Pour commenter la situation au Venezuela, j’ai publié ici au mois d’août, la traduction française de deux interviews de Douglas Bravo intitulées respectivement, « Ici, on abandonne la souveraineté » (6 décembre 2015) et « Maduro détruit l’économie et la souveraineté » (31 mai 2016). J’ai reçu aujourd’hui un « rectificatif » sur le parcours de Douglas Bravo par Floréal Cuadrado, lequel n’est lui-même pas un inconnu. Le fait que je publie ici son commentaire n’exprime en aucune manière une opinion personnelle sur sa carrière, en tout ou en partie. Ouvert aux commentaires.
Monsieur Jorion,
Je viens de lire avec intérêt les deux interviews de Douglas Bravo, l’une dans La Razon du 6 décembre 2015 et une autre de mai 2016 que vous avez publiées sur votre blog.
Tout d’abord, je tiens à vous remercier de donner la parole à Douglas Bravo car aujourd’hui on ne l’entend plus guère. Or il se trouve que je le connais bien depuis le milieu des années 1970. J’ai également vécu au Venezuela de 1986 à 1989 et c’est au cours de cette période que nos liens sont devenus plus étroits. Ils perdurent depuis et c’est une véritable amitié qui me lie à lui maintenant. J’ai raconté tout cela dans mon livre, Comme un chat, paru il y a quelque temps.

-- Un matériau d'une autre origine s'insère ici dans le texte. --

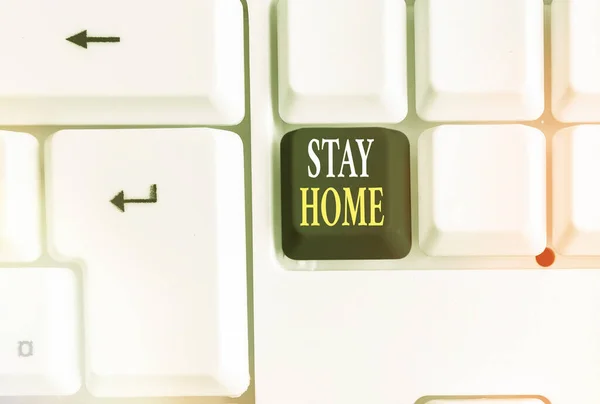 Escritura a mano conceptual que muestra Stay Home. Exhibición de fotos de negocios no salir para una actividad y permanecer dentro de la casa o el hogar Teclado de color clave con accesorios dispuestos en el espacio de copia. — Foto de Stock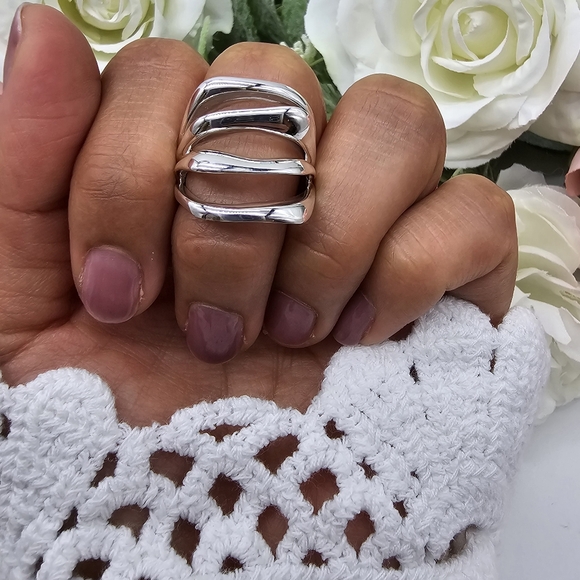 ❤️ IN LINE RING - Picture 9 of 14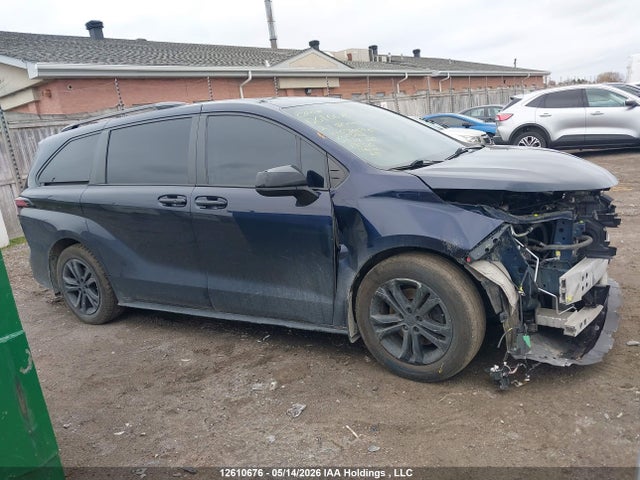 5TDGSKFC6MS030595 Toyota Sienna Xse 7-passenger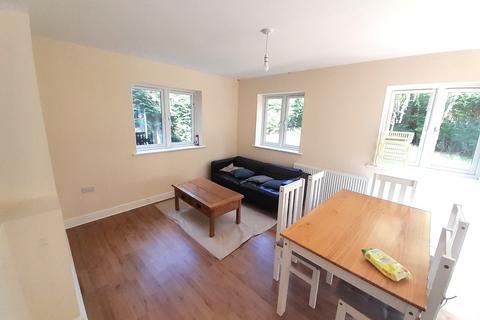 5 bedroom semi-detached house to rent, Norwich NR5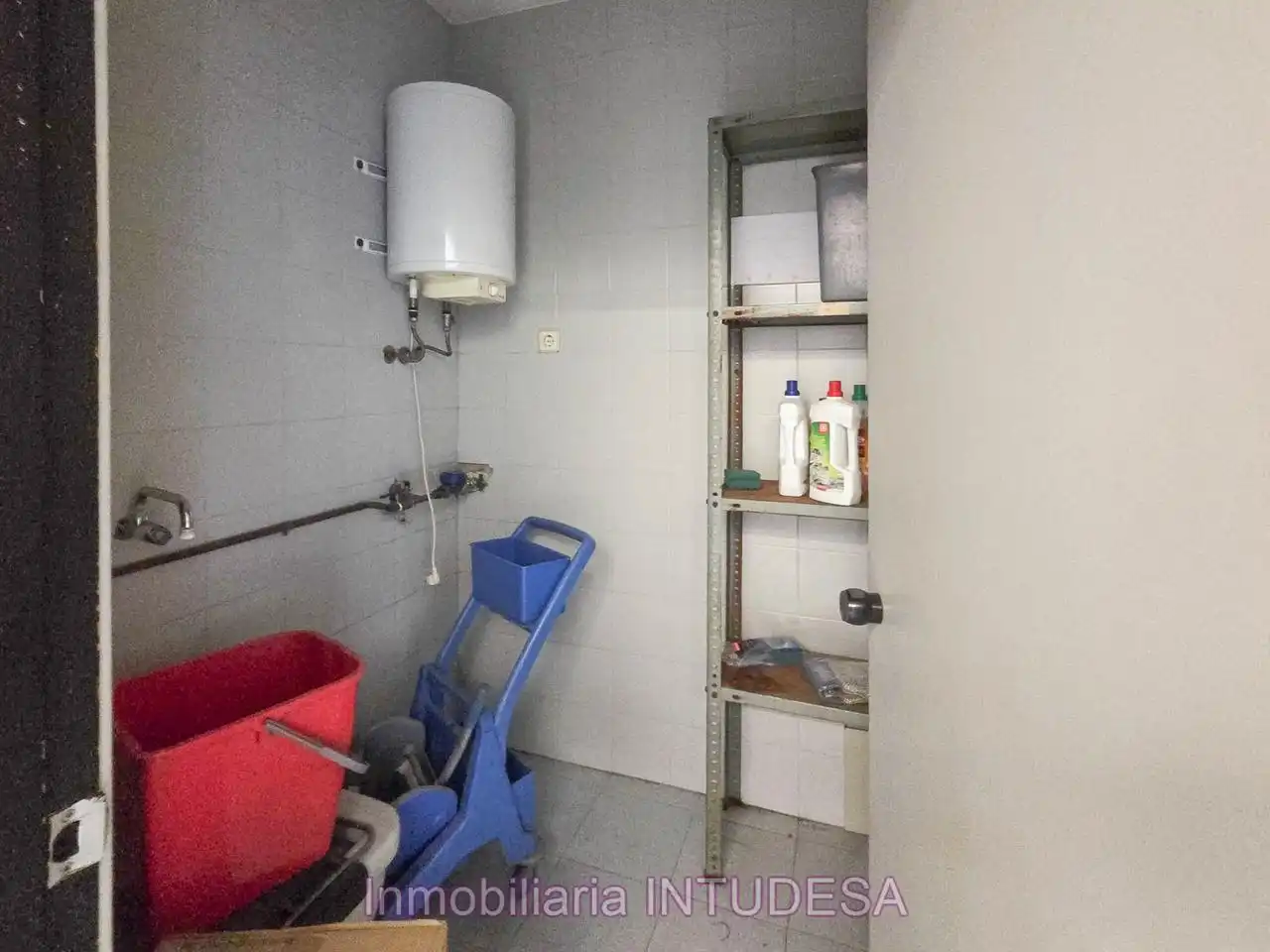 Baño de Local en venta en Tudela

Ancien chef de guérilla (de 1960 à 1979), il est incontestablement un des hommes publics qui a marqué la vie politique du Venezuela depuis la fin de la dictature de Pérez Jiménez (1). Pendant dix-huit ans, il a été à la tête du Frente Leonardo Chirinos et après l’assassinat de Fabricio Ojeda (2) il est devenu le comandante des différents mouvements de guérilla. Ce parcours fait qu’il est devenu une voix qui compte, qu’on écoute en son pays, mais que les grands médias occidentaux semblent vouloir rendre inaudible. Il est étonnant que la situation complexe, déconcertante (pour la gauche hexagonale) et tragique de ce pays soit évoquée sans qu’ici on tienne compte de ses avis et analyses qui me paraissent toujours aussi pertinentes et qu’il peut être tout simplement profitable de critiquer.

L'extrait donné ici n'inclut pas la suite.